| Le ipotesi di garanzia impropri e di litisconsorzio facoltativo non
determinano spostamento di competenza ne' in casi normali ne', a
maggior ragione, nel caso in cui l' obbligato principale sia stato
chiamato dinanzi ad un collegio arbitrale ed intenda rivalersi su
altri, in ordine ai rapporti con i quali il creditore - istante
rimanga del tutto estraneo ed indifferente. Ad ogni modo il principio
dell' assorbimento della competenza arbitrale in quella del giudice
ordinario in tutte le ipotesi di connessione propria (privo per altro
di un valido conforto testuale) trova un argine insuperabile nella
necessita' del rispetto delle norme di rito, in forza delle quali il
principio stesso potra' avere applicazione fino a quando la pendenza,
davanti al giudice ordinario, della causa connessa sia accertata
prima che quella davanti al collegio arbitrale entri in fase di
deliberazione, con la chiusura della fase istruttoria e con la
sopravvenuta imperativita' del contraddittorio: dato che il
fondamentale principio del contraddittorio, la cui inosservanza
importa nullita' insababile del procedimento non potrebbe essere piu'
osservato quando gli arbitri si trovano in fase di deliberazione,
dopo la riserva di decisione, cui deve attribuirsi valore finale e
preclusivo.
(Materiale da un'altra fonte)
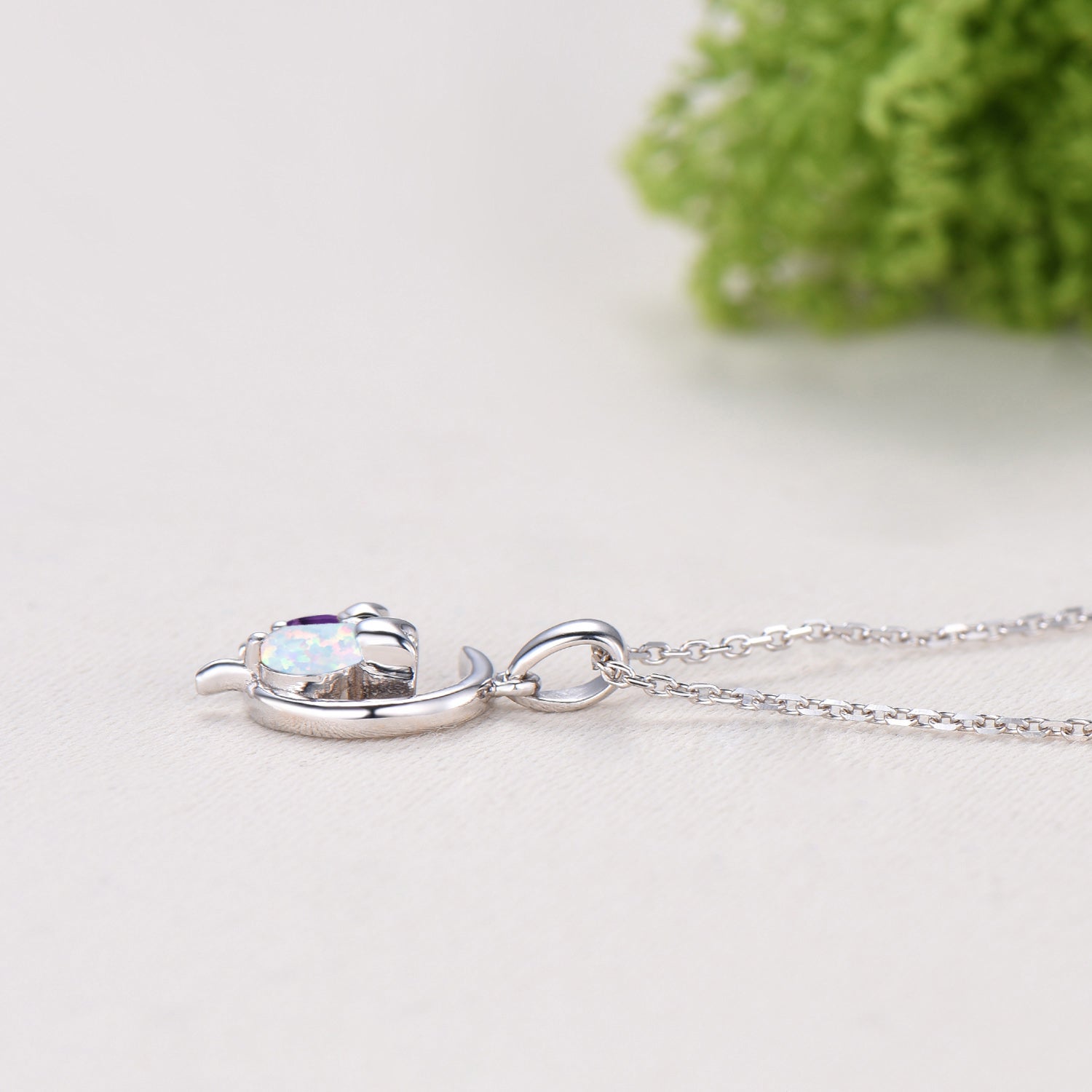 Dainty cat opal amethyst necklace silver white gold moon family pendant personalized Jewelry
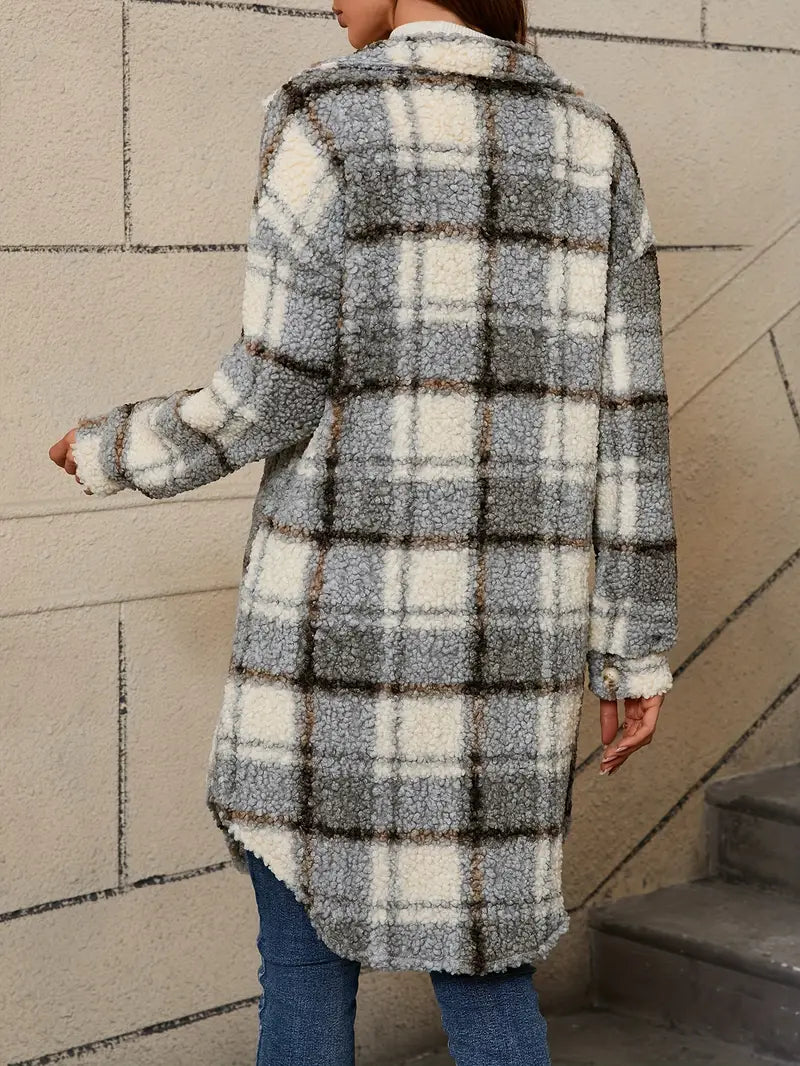 Isabelle™ | Veste teddy à carreaux confortable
Insomma, in rispetto all' invocato, inderogabile
principio, anche nel giudizio arbitrale vige il divieto di allargare
il tema del contendere una volta che la causa sia entratta in fase di
deliberazione. In ordine poi alla possibilita' di compromettere in
arbitri le controversie insorte tra appaltatore e pubblica
amministrazione, e' bene ricordare anzitutto che secondo l' art. 349
della l. 20 marzo 1865 all. F., "nei capitolati d' appalto potra'
prestabilirsi che le questioni tra l' amministrazione e l'
appaltatore siano decise da arbitri": appunto come ha stabilito il
capitolato generale del 28.5.1895 (agli artt. 42 e 48). Ora, poiche'
l' appalto non perde la sua natura di contratto di diritto privato
solo perche' committente e' lo Stato, ne discende che la Pubblica
Amministrazione resta legittimata a compromettere anche a giudizio
arbitrale di equita' qualsiasi controversia derivante da un contratto
di appalto. Infatti la diversa disciplina del nuovo capitolato
generale (d.p.r. 16 luglio 1962, n. 1063), a tutto voler concedere,
puo' ritenersi inderogabile solo per i contratti che interessino
direttamente lo Stato, mentre per i contratti interessanti Enti
pubblici diversi dallo Stato, quella regolamentazione costituisce non
piu' che uno schema, cui le parti fanno riferimento con piena
facolta' di deroga, in quanto agli Enti pubblici diversi dallo Stato
competono, in materia di pubblici appalti, appunto poteri e diritti
di natura privatistica. Non si puo' quindi contestare la piena
validita' di una clausola compromissoria stipulata da un ente
pubblico diverso dallo Stato con cui vengano definite ad un giudizio
arbitrale di equita' tutte le controversie nascenti da un contratto
di appalto: soprattutto quando committente sia una Universita', ente
pubblico dotato di personalita' giuridica ed autonomia
amministrativa, dovendosi escludere, in particolare, che per i lavori
dati in appalto dalle amministrazioni universitarie sia
legislativamente imposta l' applicazione delle norme del capitolato
generale d' appalto per le opere dipendenti dal Ministero dei Lavori
Pubblici, secondo quanto si desume inequivocabilmente dagli artt. 129
6 aprile 1924, n. 674 e 50 r.d. 4 maggio 1985, n. 3074, riprodotto
nell' art. 45 r.d. 23 maggio 1924, n. 827.